Every step of microplastic analysis (collection, extraction and characterization) is time-consuming, representing an obstacle to the implementation of large scale monitoring. This study proposes a semi-automated Raman micro-spectroscopy method coupled to static image analysis that allows the screening of a large quantity of microplastic in a time-effective way with minimal machine operator intervention. The method was validated using 103 particles collected at the sea surface spiked with 7 standard plastics: morphological and chemical characterization of particles was performed in <3h. The method was then applied to a larger environmental sample (n=962 particles). The identification rate was 75% and significantly decreased as a function of particle size.

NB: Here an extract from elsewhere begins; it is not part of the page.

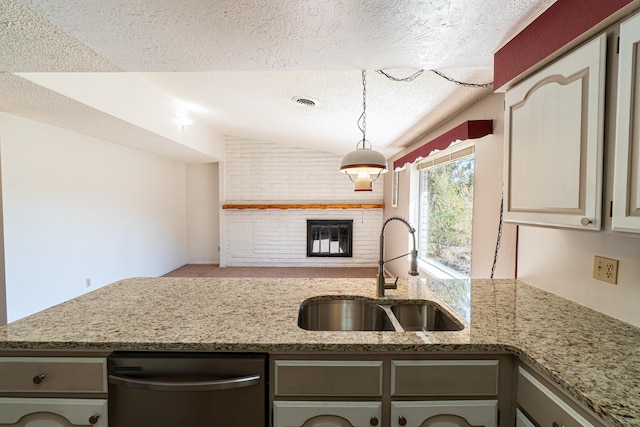 kitchen featuring sink, stainless steel dishwasher, a textured ceiling, gray cabinets, and light stone countertops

Microplastics represented 71% of the identified particles and significant size differences were observed: polystyrene was mainly found in the 2-5mm range (59%), polyethylene in the 1-2mm range (40%) and polypropylene in the 0.335-1mm range (42%).